The action plan for biomethane envisages, among other things, financial incentives to increase production to 35 billion cubic meters by 2030.

Diversifying supplies through common purchase

The new EU Energy Platform, supported by regional task forces, will enable voluntary common purchases of gas, LNG and hydrogen by pooling demand, optimizing infrastructure use, and coordinating outreach to suppliers.

The commission will consider the development of a “joint purchasing mechanism” to negotiate and contract gas purchases on behalf of participating EU member states. The platform will also enable joint purchasing of renewable hydrogen.

Legislative measures to require diversification of gas supply over time by EU member states will also be considered, according to the European Commission.

The commission also presented the EU External Energy Strategy aimed at facilitating energy diversification and building long-term partnerships with suppliers.

Achieving the goals of REPowerEU calls for an additional investment of EUR 210 billion by 2027, but cutting Russian fossil fuel imports can save the EU almost EUR 100 billion a year, according to the statement.

The commission has adopted five packages of sanctions against Russia, which cover coal imports, and has tabled proposals to phase out oil by the end of this year, reads the statement.

How the EU plans to save energy

The European Commission proposes enhancing long-term energy efficiency measures, including an increase from 9% to 13% of the binding energy efficiency target under the Fit for 55 package of European Green Deal. According to an earlier proposal, natural gas consumption in the EU is to be reduced 30% by 2030, with one-third of the savings coming from energy efficiency measures.

The commission also published a document on energy savings, detailing “short-term behavioral changes which could cut gas and oil demand by 5%,” according to the statement.

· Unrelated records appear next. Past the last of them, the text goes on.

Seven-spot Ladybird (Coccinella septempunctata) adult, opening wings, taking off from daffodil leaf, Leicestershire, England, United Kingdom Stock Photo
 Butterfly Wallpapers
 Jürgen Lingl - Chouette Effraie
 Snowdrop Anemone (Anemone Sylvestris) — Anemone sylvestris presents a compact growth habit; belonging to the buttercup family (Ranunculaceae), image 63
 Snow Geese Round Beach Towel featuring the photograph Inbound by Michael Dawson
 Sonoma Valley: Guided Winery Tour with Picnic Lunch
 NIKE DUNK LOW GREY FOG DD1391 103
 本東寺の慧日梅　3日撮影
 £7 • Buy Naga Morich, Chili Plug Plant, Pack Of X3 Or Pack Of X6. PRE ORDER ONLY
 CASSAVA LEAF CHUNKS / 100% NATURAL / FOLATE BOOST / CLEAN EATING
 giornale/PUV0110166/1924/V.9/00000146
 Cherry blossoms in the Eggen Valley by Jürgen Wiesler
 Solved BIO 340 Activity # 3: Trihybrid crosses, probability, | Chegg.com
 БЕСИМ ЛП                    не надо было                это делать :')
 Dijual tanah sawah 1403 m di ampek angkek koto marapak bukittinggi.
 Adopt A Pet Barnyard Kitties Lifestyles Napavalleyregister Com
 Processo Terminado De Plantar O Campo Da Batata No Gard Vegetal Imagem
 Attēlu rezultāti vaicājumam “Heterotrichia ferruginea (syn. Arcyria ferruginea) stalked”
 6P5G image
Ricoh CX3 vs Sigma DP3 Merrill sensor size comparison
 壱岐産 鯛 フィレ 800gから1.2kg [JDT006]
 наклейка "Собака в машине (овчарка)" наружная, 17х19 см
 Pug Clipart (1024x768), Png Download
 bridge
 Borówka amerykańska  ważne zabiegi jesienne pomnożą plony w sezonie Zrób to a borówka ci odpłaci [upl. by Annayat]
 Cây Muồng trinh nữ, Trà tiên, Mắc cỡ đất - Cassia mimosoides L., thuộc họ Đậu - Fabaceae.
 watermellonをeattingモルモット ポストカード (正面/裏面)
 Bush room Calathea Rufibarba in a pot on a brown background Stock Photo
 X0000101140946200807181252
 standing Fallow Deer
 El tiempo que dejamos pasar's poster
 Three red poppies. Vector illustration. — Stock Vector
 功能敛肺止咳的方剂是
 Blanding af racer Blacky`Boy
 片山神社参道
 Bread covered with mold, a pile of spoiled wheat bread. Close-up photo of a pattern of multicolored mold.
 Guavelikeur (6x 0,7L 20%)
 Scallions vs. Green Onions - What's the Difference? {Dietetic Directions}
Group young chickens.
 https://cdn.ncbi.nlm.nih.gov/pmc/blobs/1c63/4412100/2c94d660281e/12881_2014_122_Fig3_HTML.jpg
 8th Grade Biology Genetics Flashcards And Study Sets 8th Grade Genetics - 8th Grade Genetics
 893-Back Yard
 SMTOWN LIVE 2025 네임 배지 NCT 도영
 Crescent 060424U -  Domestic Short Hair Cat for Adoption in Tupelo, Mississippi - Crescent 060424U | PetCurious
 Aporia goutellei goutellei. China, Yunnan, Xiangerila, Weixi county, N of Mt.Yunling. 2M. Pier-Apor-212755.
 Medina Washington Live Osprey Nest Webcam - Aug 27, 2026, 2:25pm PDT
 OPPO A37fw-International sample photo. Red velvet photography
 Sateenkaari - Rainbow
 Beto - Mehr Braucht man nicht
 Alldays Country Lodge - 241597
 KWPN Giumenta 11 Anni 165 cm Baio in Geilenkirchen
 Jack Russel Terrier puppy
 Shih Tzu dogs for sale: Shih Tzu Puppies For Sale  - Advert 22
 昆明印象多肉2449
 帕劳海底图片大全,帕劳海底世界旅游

EU members are encouraged to lower VAT rates on energy-efficient heating systems and building insulation

EU member states are encouraged to start specific communication campaigns targeting households and industry and to use fiscal measures to encourage energy savings, such as reduced VAT rates on energy efficient heating systems and building insulation.

According to REPowerEU, energy savings and efficiency, fuel substitution, electrification, and an enhanced uptake of renewable hydrogen, biogas and biomethane by industry could save up to 35 billion cubic meters of natural gas by 2030.

To enhance energy savings in the transportation sector and speed up the transition towards zero-emission vehicles, the commission will consider a legislative initiative to increase the share of zero-emission vehicles in public and corporate car fleets above a certain size. It will also present a package aimed at greening freight transportation.